Anthropic released Claude Opus 4.8 on May 28, 2026 — less than six weeks after Opus 4.7. The headline features are a redesigned effort control system and a new dynamic workflow mode in Claude Code that lets a single parent agent spin up to 1,000 subagents in parallel. Both changes are relevant to anyone building multi-agent pipelines, which is very much the kind of work that lives in this environment.
High Effort by Default
Before Opus 4.8, effort level was something you consciously set. The model would default to a medium effort unless you asked for more. With 4.8, Anthropic flipped that: high effort is now the default everywhere — Claude Code, the API, Claude.ai. The thinking is that for most real tasks, you want the model working at full cognitive depth unless you explicitly dial it down for speed.
The effort dial in the API now exposes five levels: low, high (the new default), extra, xhigh, and max. The extra levels exist because some tasks genuinely benefit from more compute than “high” provides — long async runs, difficult debugging sessions, complex architectural decisions. The API surface makes this explicit now rather than hiding it behind model version differences.

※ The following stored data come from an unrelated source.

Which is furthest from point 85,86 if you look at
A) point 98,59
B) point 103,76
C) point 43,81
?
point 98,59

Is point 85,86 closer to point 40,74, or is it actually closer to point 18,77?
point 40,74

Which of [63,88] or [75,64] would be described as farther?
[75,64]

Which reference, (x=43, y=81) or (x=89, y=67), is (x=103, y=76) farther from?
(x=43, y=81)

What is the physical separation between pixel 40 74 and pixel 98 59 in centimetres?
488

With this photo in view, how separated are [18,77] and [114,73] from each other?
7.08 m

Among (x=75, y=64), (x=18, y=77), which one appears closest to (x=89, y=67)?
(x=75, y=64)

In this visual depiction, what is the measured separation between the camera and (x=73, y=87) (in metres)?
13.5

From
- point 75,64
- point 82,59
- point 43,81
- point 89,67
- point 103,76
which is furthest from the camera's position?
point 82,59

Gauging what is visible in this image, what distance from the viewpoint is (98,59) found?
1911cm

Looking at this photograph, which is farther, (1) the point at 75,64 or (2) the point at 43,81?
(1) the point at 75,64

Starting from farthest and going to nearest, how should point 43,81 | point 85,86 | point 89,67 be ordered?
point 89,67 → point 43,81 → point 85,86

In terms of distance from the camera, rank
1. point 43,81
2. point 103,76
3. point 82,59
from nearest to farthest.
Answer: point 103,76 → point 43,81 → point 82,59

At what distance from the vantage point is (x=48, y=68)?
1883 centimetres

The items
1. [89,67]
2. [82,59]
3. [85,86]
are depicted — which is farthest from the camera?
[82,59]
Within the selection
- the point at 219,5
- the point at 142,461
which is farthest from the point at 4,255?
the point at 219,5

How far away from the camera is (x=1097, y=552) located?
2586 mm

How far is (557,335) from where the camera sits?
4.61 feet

This matters for pipeline design. When you have an ACO System-style pipeline where different stages call different models, knowing that every Opus 4.8 call defaults to high effort means you can reason about baseline capability without auditing every individual call. The variance across the pipeline shrinks.
Dynamic Workflows: 1,000 Subagents in Parallel
The more interesting feature for multi-agent builders is dynamic workflow mode in Claude Code. This is not a separate product — it’s a capability within Claude Code that gets surfaced through the existing CLI. When you run in dynamic mode, the parent agent can spawn subagents that run in parallel, coordinate results, and hand off context between each other.
The cap is 1,000 subagents per workflow. For context: that is a serious number. It shifts Claude Code from a single-agent coding tool into something closer to a lightweight agent orchestration runtime. You can think of it like having a foreman that delegates to a large team, where each team member can work simultaneously on different parts of a problem.
Anthropic’s own documentation notes that fast mode pricing applies to dynamic workflows, but with a per-subagent cap. The economics are structured so that running many cheap fast-mode subagents in parallel is the intended pattern, rather than spinning up 1,000 full-price Opus calls.
1M Context Window, Same Price
Opus 4.8 ships with a 1 million token context window by default — the same as 4.7, but now at the base tier without needing a special configuration flag. The pricing stayed flat at $5 / $25 per million tokens (input / output), which is notable because 1M context windows typically come with significant per-token costs at other providers.
Anthropic’s own benchmarks show Opus 4.8 is roughly four times more honest than its predecessor on calibrated confidence tasks — meaning it is better at knowing what it does not know. For agent pipelines where downstream stages act on upstream outputs, a model that accurately signals uncertainty is more composable. You can build reliable gating logic around “I am not sure” signals rather than dealing with confident wrong answers that look trustworthy.
What This Means for ACO System
The ACO System pipeline (defined in ~/.openclaw/workspace/aco-system/) runs fixed-stage orchestration: PM → Architect → Developer → Review. The cognitive mode pattern (from commit a7bfca7) assigns role-specific mental models at each stage. Opus 4.8’s high-effort default raises the floor of every stage — PM mode, Architect Paranoid Review mode, Developer Release Engineer mode — all now operate with more cognitive depth by default without any config changes.
Dynamic workflows are a different kind of tool. They are not about replacing the fixed ACO pipeline — they are about the cases where you need horizontal parallelism within a single stage. A PM mode that needs to evaluate 50 architectural options simultaneously could, in principle, use dynamic workflows to run 50 sub-evaluations in parallel rather than sequential reasoning. The ACO pipeline’s structural gates (Architect approves before Developer starts) remain intact, but the work inside each gate can now be massively parallel.
The honest signal improvement is the most underrated feature here. Multi-agent pipelines compound errors — if one stage makes a confident mistake and the next stage trusts it, you get cascading failures. A model that is four times better at calibrated honesty is a pipeline reliability multiplier.
Opus 4.8 is available now via the API (claude-opus-4-8), GitHub Copilot, AWS, and Claude.ai. The effort defaults apply automatically to all surfaces — no migration needed if you are already on Opus 4.7.